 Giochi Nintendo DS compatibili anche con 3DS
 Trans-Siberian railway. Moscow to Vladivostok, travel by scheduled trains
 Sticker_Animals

...

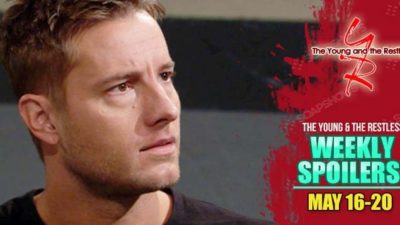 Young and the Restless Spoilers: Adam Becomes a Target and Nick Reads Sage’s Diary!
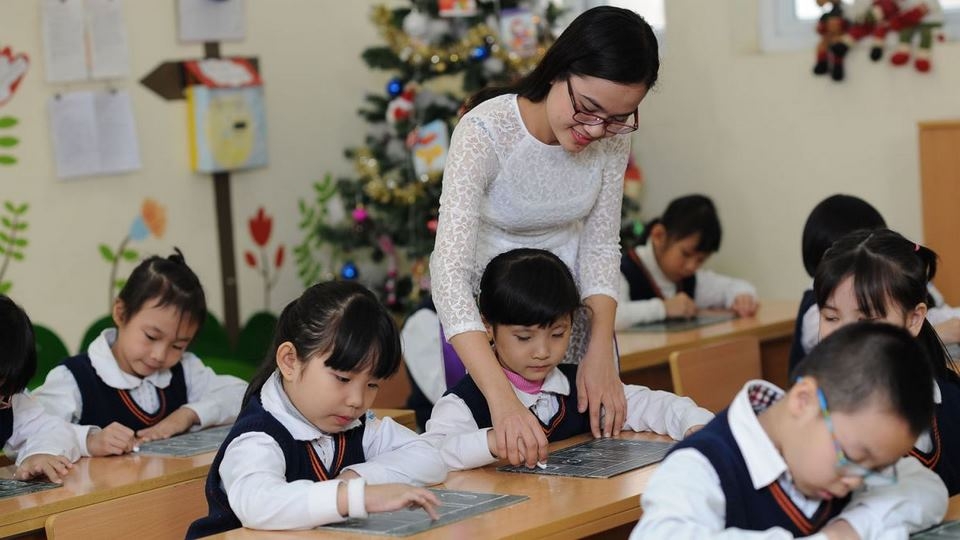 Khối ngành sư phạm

* * *

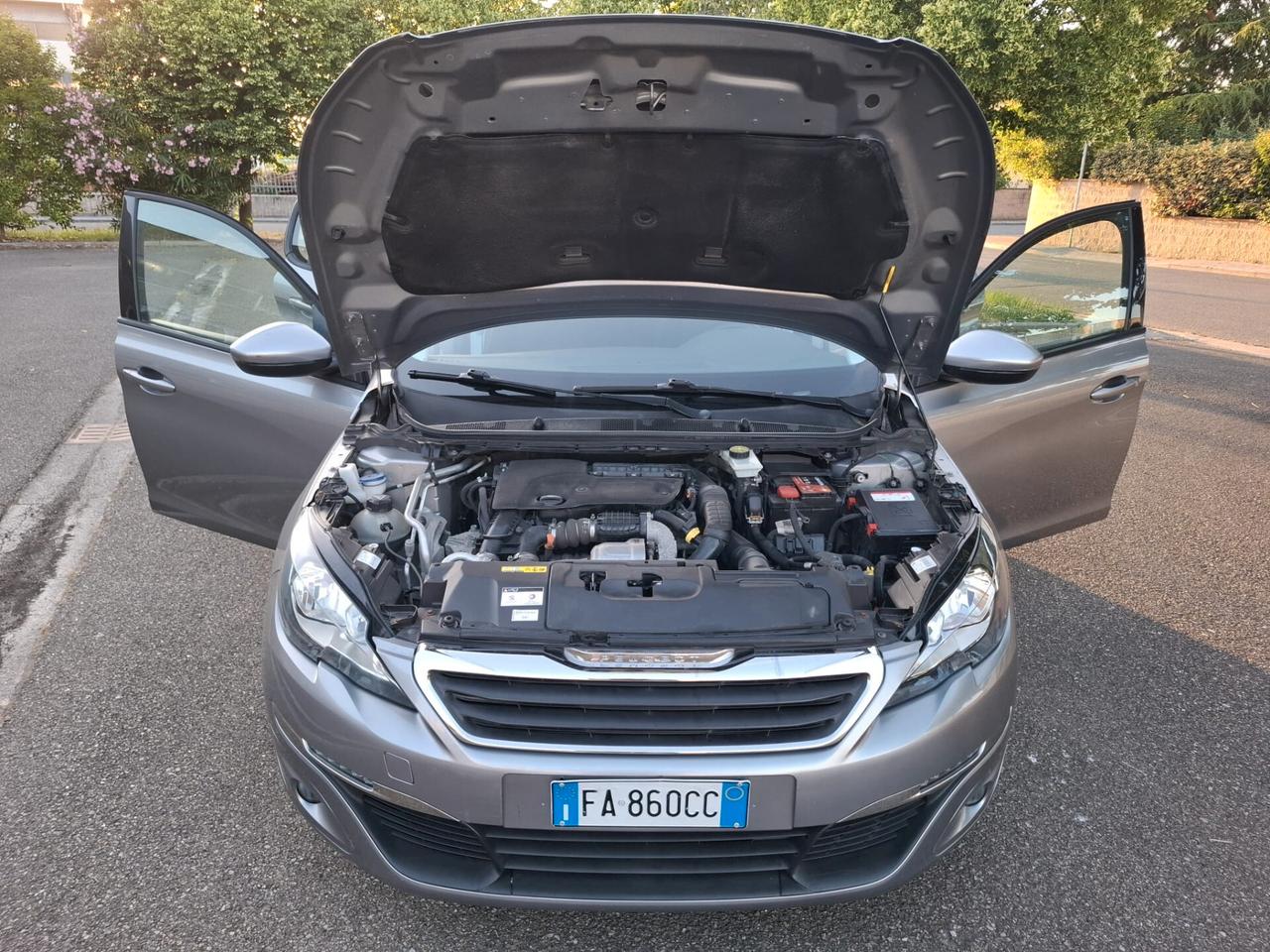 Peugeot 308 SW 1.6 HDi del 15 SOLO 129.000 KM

### PROBLEM TO WORK ON
Output exactly the stretch of the listing that begins at the line containing "Young and the" and ends at the line containing "Khối ngành sư phạm", both kept. Omit pictures and everything else.

### ANSWER AREA
 Young and the Restless Spoilers: Adam Becomes a Target and Nick Reads Sage’s Diary!
 Khối ngành sư phạm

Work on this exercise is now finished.